Все это я показала Боровскому. «Ну, идеал! — сказал он. — Это — ваш костюм!»
Любимову мой наряд тоже очень понравился. Он не принял только то, что по совету Маши Полицеймако я подмазала глаза, чтобы было видно, что я слепая. Юрий Петрович сказал: «Стереть сейчас же! Никакого грима! Как вы есть, такая вы и должны быть».

Потом была целая история со стихами в «Борисе Годунове». Любимов кричал: «Не читайте это как стихи! Какие стихи! Не надо отбивать стихи!» И когда он сам начинал показывать, то читал точно так, как написано у Пушкина, с диерезой посредине строчки.
Я тогда нашла у Иннокентия Анненского письмо, в котором он говорит, как великолепно Пушкин придумал этот ямб, в котором делится строчка. Такое деление называется диерезой. Благодаря ей у Пушкина получился не стихотворный, а живой язык.
Я послушала-послушала, как Юрий Петрович пытается это втолковать актерам, потом подошла к нему и говорю: «Мне кажется, надо им точнее объяснить, что именно делать», — и показала, что писал Анненский. Юрий Петрович прочитал Анненского и говорит: «Господи! Какая прелесть! Ну, теперь я им покажу…» И он стал всех этим допекать. Актеры это восприняли, но очень роптали, а меня прозвали «мадам Диереза». Когда теперь Шаповалов меня встречает, он говорит: «Я один только и держу Вашу диерезу, больше уже никто…»
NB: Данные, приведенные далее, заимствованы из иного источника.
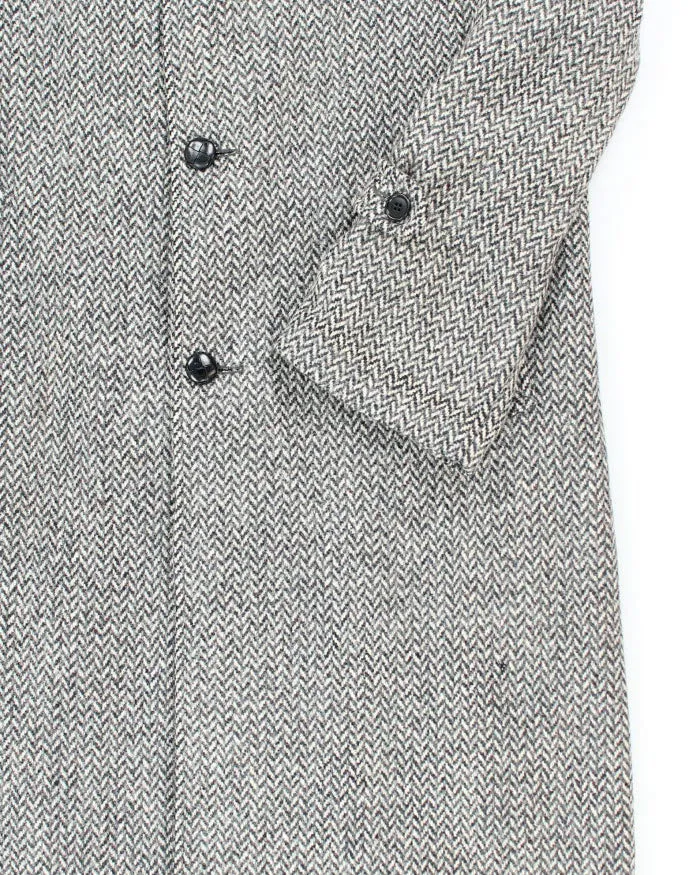 Vintage 80s Kynoch Keith Scotland Wool Coat - L sold by Rokit product image thumbnail 4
А мне это запомнилось с того времени, когда «Бориса Годунова» ставил Сушкевич. Тогда я еще не читала письма Анненского, но у Бориса Михайловича именно так, с диерезой, и было сделано. Но далеко не все александрийцы ему подчинялись. Они играли старых бояр изо всех сил — за исключением Симонова. Сушкевич побороть их игру не мог, а народ у него тогда как раз получился. Мы были в этой массовке.
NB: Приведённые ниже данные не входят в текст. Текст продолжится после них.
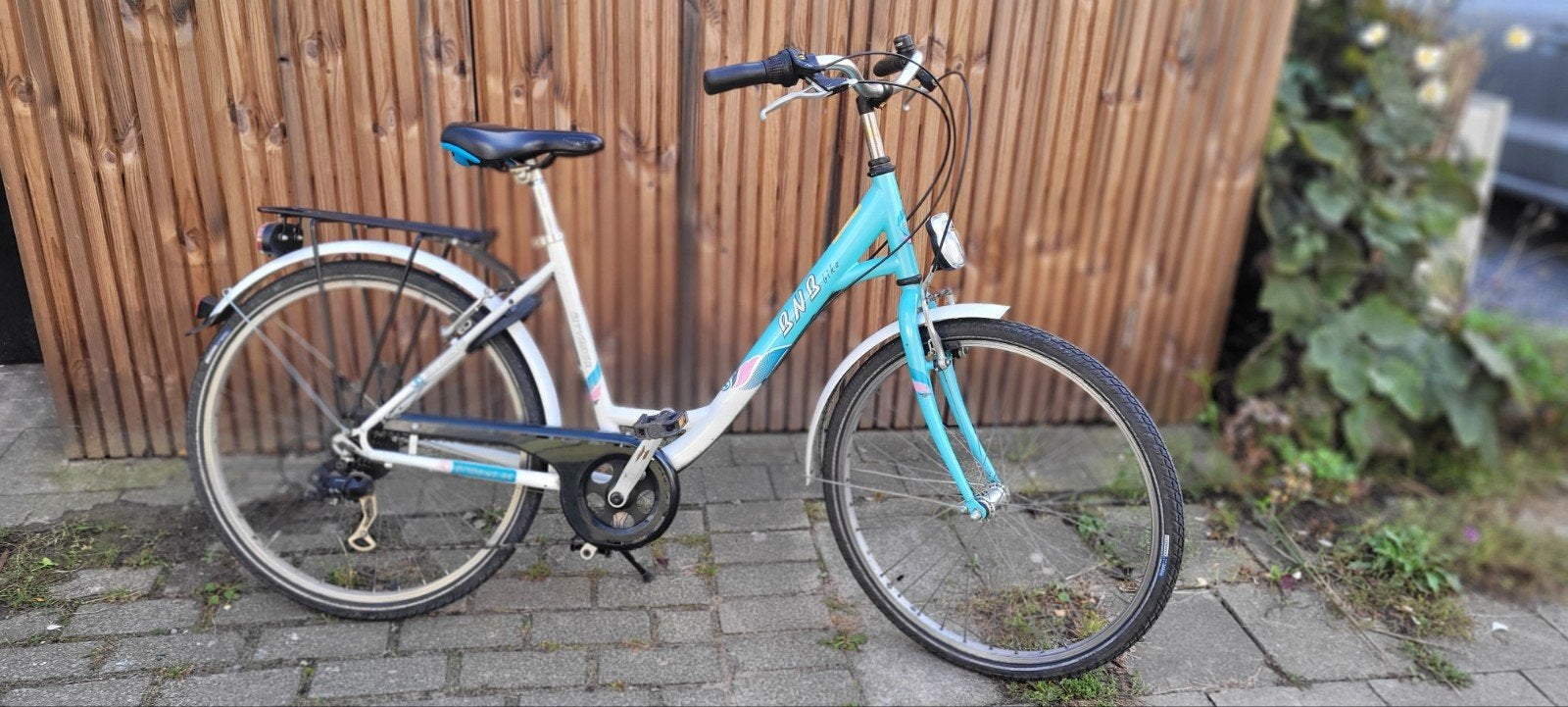 Fiets meisjes 10-13 jaar 26 inch, Fietsen en Brommers, Gebruikt, BNB Bike, Handrem, Ophalen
На показе была вся театральная Москва и все начальники, которые вскоре ушли и не стали даже ничего обсуждать. Власти тут же запретили спектакль.
Те же, кто остался, один за другим принялись говорить о том, что в первый раз услышали настоящий текст Пушкина. Родион Щедрин сказал, что сначала ему показалось, что у нас записан ансамбль Покровского. (Спектакль начинался с молитвы, а потом песни.) Юрий Петрович ему ответил, что из ансамбля Покровского у нас всего два человека, которые руководят этим действием, а остальное делают сами актеры. Надо сказать, что Покровский нас очень терзал, чтобы добиться нужного результата — но это было удивительно интересно.
Щедрин тоже говорил, что впервые получился именно пушкинский, а не «оперный» текст. И что такого настоящего «Бориса Годунова» мы никогда не видели.
Правда, он не мог видеть того спектакля, который поставил Сушкевич. Там, правда, герои были в кафтанах, но никаких теремов не было. Сушкевич говорил тогда о том, что у Пушкина сказано — действие должно развиваться стремительно, и ничто не должно ему мешать. Для этого он и придумал круг на сцене.
Так что он тоже искал какой-то путь к тому, чтобы действие трагедии было очищено от лишнего.
Потом, когда Губенко стал возобновлять «Бориса Годунова» — где сам играл, кстати, главную роль — он все переменил. Любимов, вернувшись, кричал на репетициях этого спектакля: «Вы что, как в Вахтанговском театре, пляшете! Хотите, чтобы пол провалился?! Кому это нужно?»
Он всегда очень серьезно и жестоко репетировал. «Как ты стоишь, почему ты сюда лезешь? Что у тебя в это время происходит? Чего ты хочешь?» — вот что он он мог сказать актеру. Мне это очень понятно, потому что Борис Михайлович тоже всегда занимался формой. Это касалось не только движения, но и голоса, интонации. Сушкевич всегда говорил, что перемена тембра, перемена ритма — это важнейшие нюансы, которые нужно отрабатывать в зависимости от того, что происходит внутри. Должна быть абсолютная внутренняя правда и посыл — тогда все становится на место…
Любимову было очень важно ощущать результат каждого действия, его смысл.
Ведь тут все существенно — даже то, как руку протянуть, поскольку форма служит раскрытию внутренней идеи. Они оба придерживались такой точки зрения- и Сушкевич, и Любимов.